### Data segment

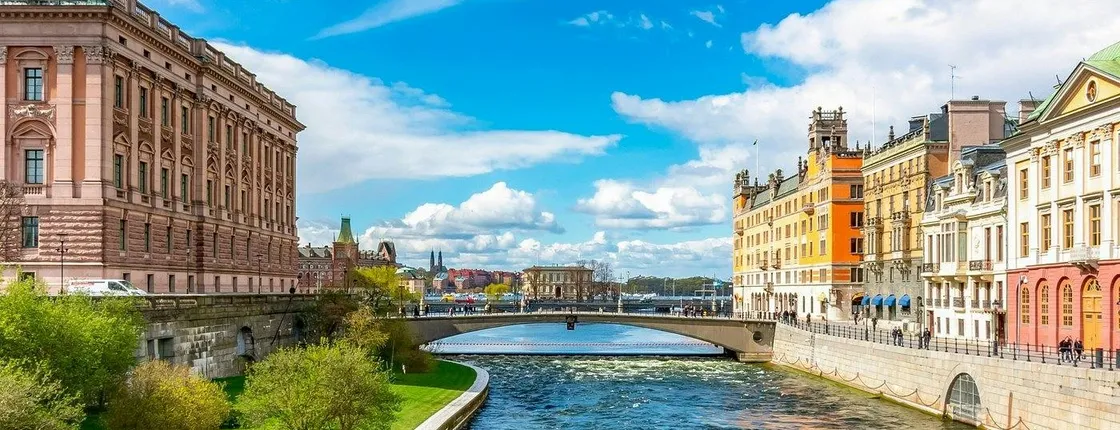 Stockholm Royal Palace tour and canal cruise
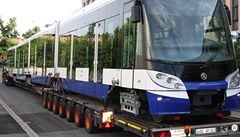 Škoda Transportation vyrobila nejdelší tramvaj. Putuje do Rigy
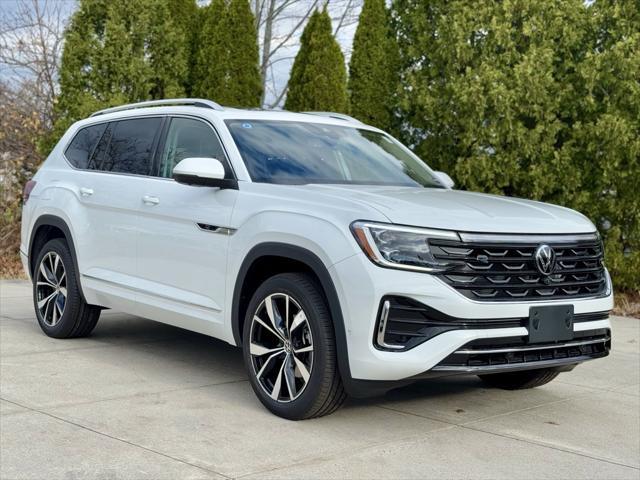 new 2025 Volkswagen Atlas car, priced at $56,761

### Assigned task
Output, exactly and without pictures, the span of lines that starts at the line containing "Škoda Transportation vyrobila" and ends at the last line above.

### Written solution
 Škoda Transportation vyrobila nejdelší tramvaj. Putuje do Rigy
 new 2025 Volkswagen Atlas car, priced at $56,761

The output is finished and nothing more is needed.